東宝が仕掛けたド派手なジャパンプレミア、主演の篠原涼子によるフジテレビ番組ジャックなど、あらゆるメディア出演による渾身のプッシュで9月5日に公開された人気シリーズの完結編「アンフェア the end」。思惑どおり、5、6日の週末ランキングではみごとに1位に輝いた。だが、じつはこれが手放しに喜べる内容ではなかったのだ。
「月曜日に映画専門サイトなどを中心に大々的に発表される週末ランキングは“週末興行ランキング”と呼ばれることがあり誤解されがちなのですが、じつは売り上げの興行収入ではなく、観客動員人数のランキングです。9月5・6日の動員数では2位の『テッド2』が21万1365人、1位の『アンフェア』が21万4198人、その差はたったの2833人。大接戦だという情報は伝わっていましたが、1位と2位ではその後の動きが雲泥の差、関係者はヒヤヒヤだったでしょうね。その一方で肝心の興行収入は約3億円のテッドに対し、アンフェアは約2億9000万円で2位でした。チケット単価が安い子供向けアニメが対象の場合は、時折この逆転現象が起きることがありますが、大人向けの映画同士では非常に珍しい。まさに薄氷の1位でした。もともとR15指定のテッドは20代、30代のOLが中心の客層。アンフェアは前売り券、レイトショーの低料金、チケット代の安い高校生や年配の動員数がテッドより多かったと考えられます」(エンタメ誌記者)

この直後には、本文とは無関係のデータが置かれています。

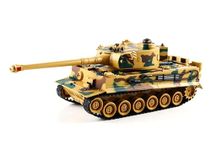 s-idee® 22003 Battle Tank 99808 KingTiger 1:28 with Integrated Infrared Combat System 2.4 GHz RC R/C Remote Controlled Tank Chain Vehicle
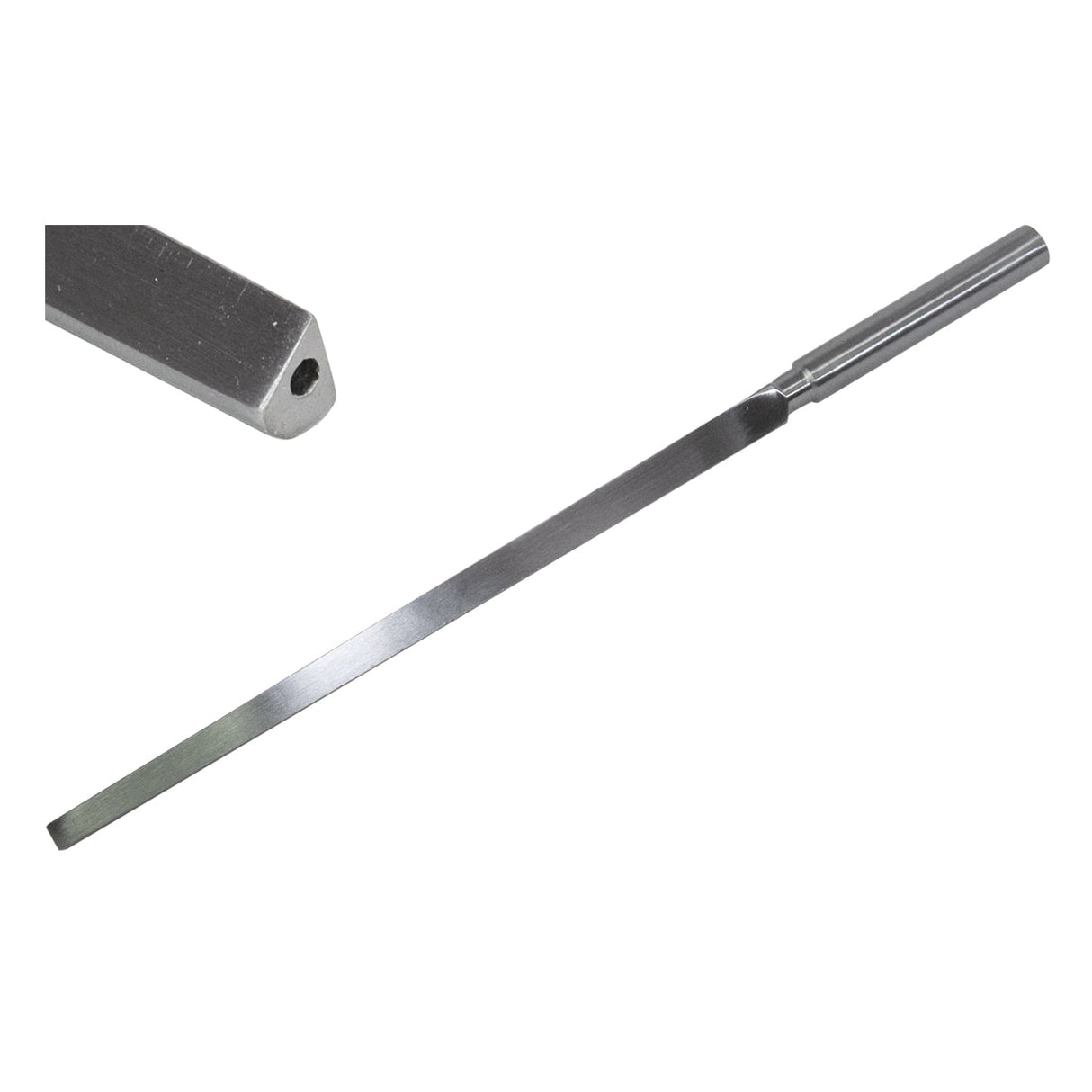Bezel Mandrel Teardrop stainless steel jewelry shaping tool with smooth polished finish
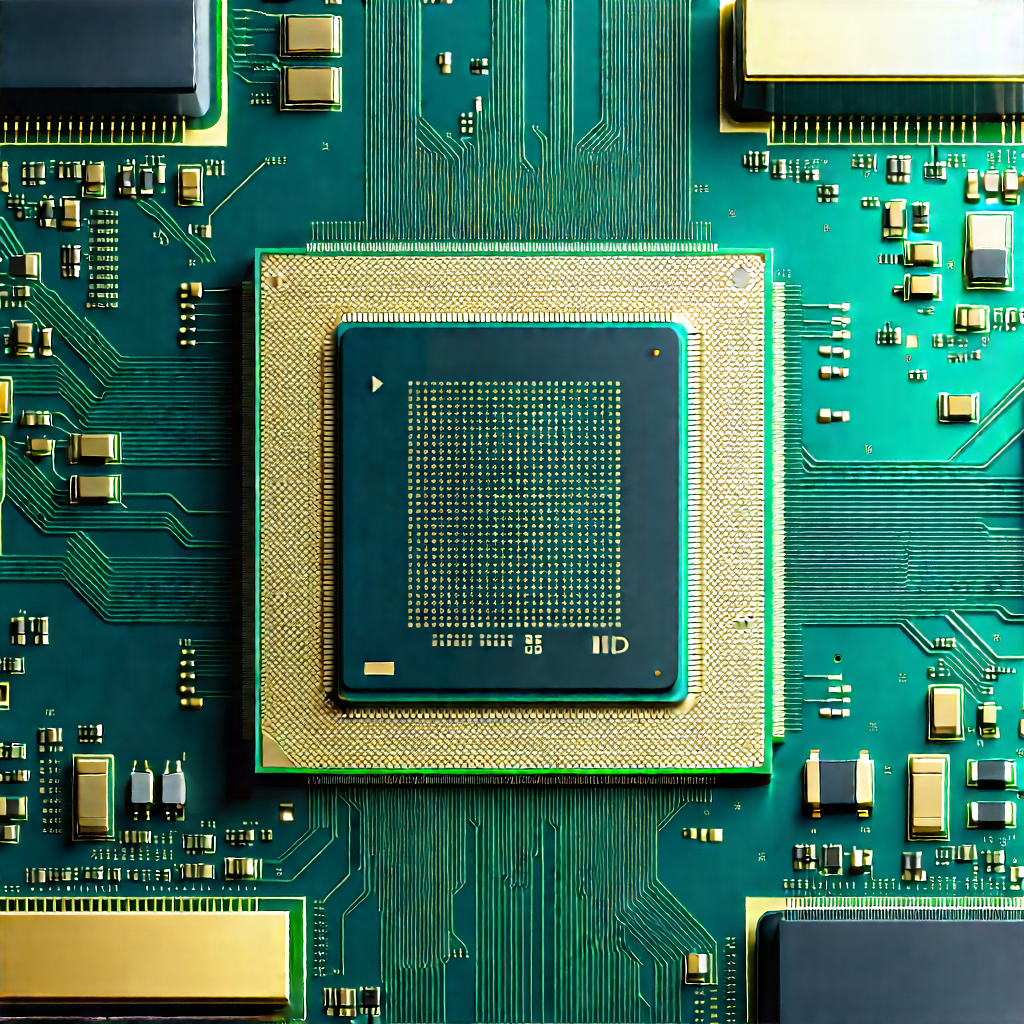Close-up of microprocessor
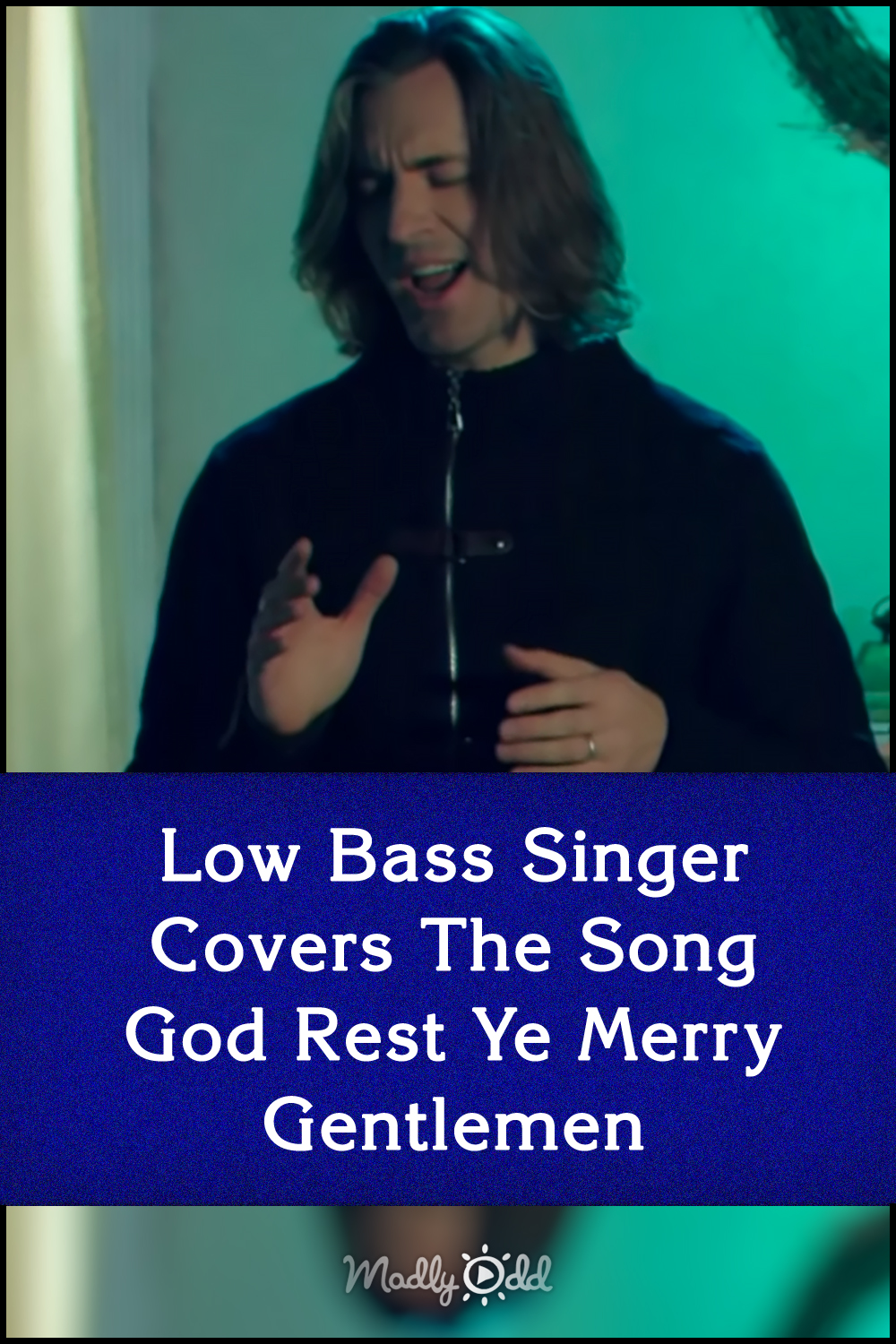 Low Bass Singer Covers The Song God Rest Ye Merry Gentlemen
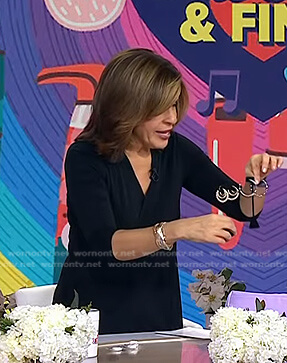 Hoda's hoop earrings on Today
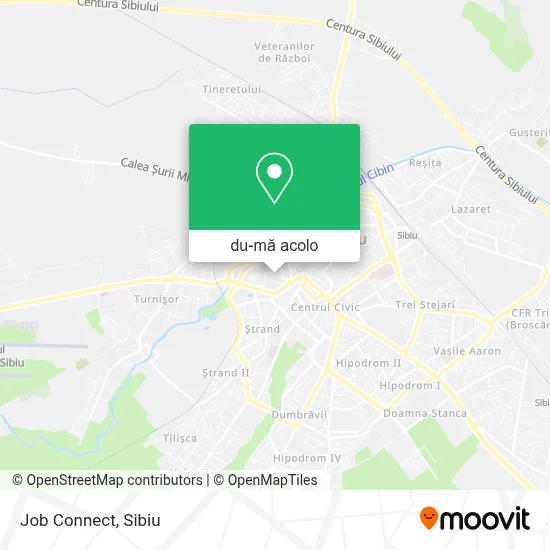 Hartă Job Connect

しかしあれだけの宣伝をかけて、公開2週目の「テッド2」や公開1カ月がたった「ジュラシック・ワールド」と大接戦するとは想定外だったという。
「篠原のメディア出演に加え、過去作もテレビ放映したものの、思ったほど新たなファンを開拓できなかったこと、フジのドラマで視聴率を地の底まで落としたEXILE・AKIRAの起用への批判、the endと謳いながらまだ続きがありそうだと不評を買った微妙な内容など、良い評判が口コミで広がらなかったことも誤算だったでしょうね。その点でも、あえてストーリーとは関係ないシャワーシーンを吹聴した篠原のファインプレーを賞賛する声が出ています」(前出・エンタメ誌記者)
篠原は公開初日の舞台挨拶で、42歳とは思えないプロポーションを惜しげもなく見せたシャワーシーンを直訴したと撮影秘話を暴露。これがネットなどで速攻配信され、男性ファンの集客に一役買ったというのだ。

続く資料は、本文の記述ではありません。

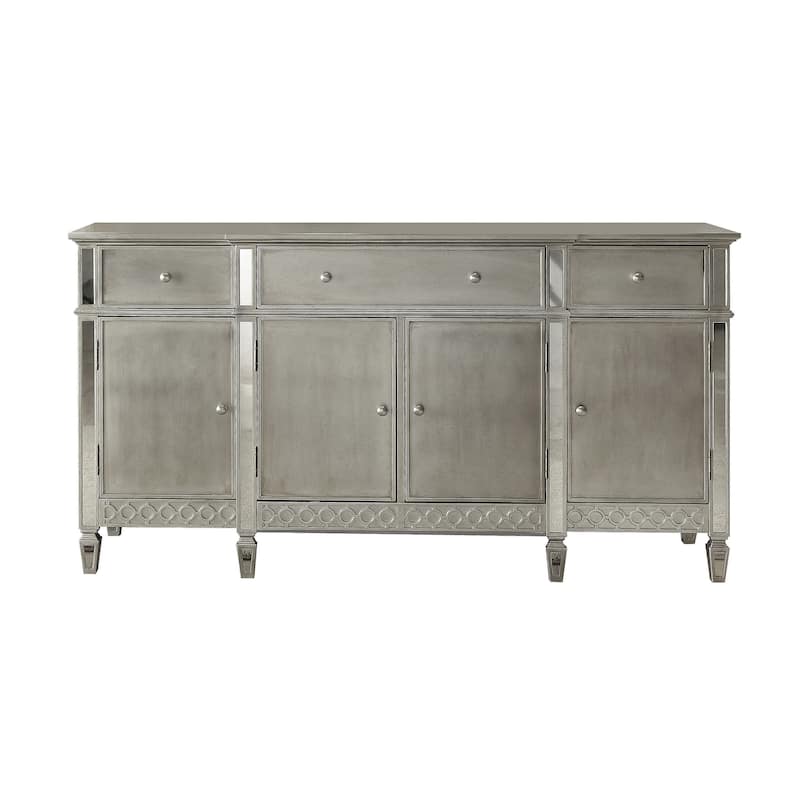 Skora Mirrored and Champagne 3-Drawer Server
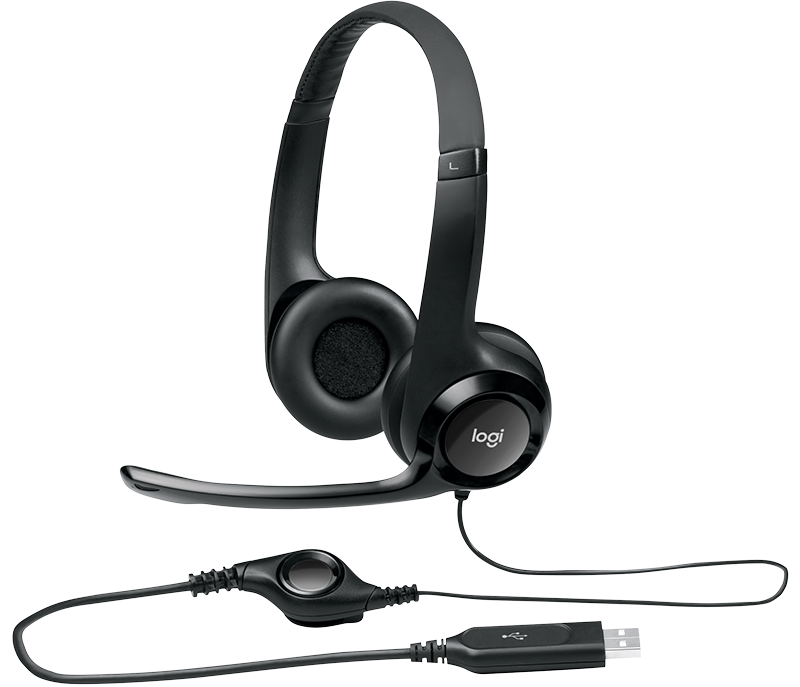 Logitech H390 USB Headset with Noise-Canceling Mic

「本来、鑑賞予定ではなかった男性客が土日のレイトショーあたりにシネコンに足を運んだようですね。『見どころはシャワーシーンだけだった』と嘆いている人がけっこういるのはタマにキズですが(笑)、たった2833人差の1位の勝因は、クマのぬいぐるみにはできないアンフェアな“脱ぎ告白”だったと言えなくもない」(前出・エンタメ誌記者)
残念ながら、作品そのものの評判は「テッド2」に比べても芳しくない。それでも1位を獲ったことで、シルバーウィークも控えるこの先、前作に並ぶ興行収入(約23億円)も見込めると関係者はホッと胸を撫で下ろしているとか。

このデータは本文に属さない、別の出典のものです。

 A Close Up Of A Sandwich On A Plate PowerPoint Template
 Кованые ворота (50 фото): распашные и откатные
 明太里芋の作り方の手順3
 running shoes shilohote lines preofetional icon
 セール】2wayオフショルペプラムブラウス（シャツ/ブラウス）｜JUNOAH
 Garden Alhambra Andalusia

「『テッド2』も1作目に比べて出来がいいとは言えませんが、今回のアンフェアは謎解き映画とは思えない雑な仕上がりで長年見続けてきたファンをガッカリさせているようですから、はたしてどうなんでしょうね…」(映画ライター)
「進撃の巨人」を筆頭に、この夏の邦画界は下方修正続き。全国的に天候も不順な9月、篠原の孤軍奮闘に秋晴れはやって来るのだろうか!?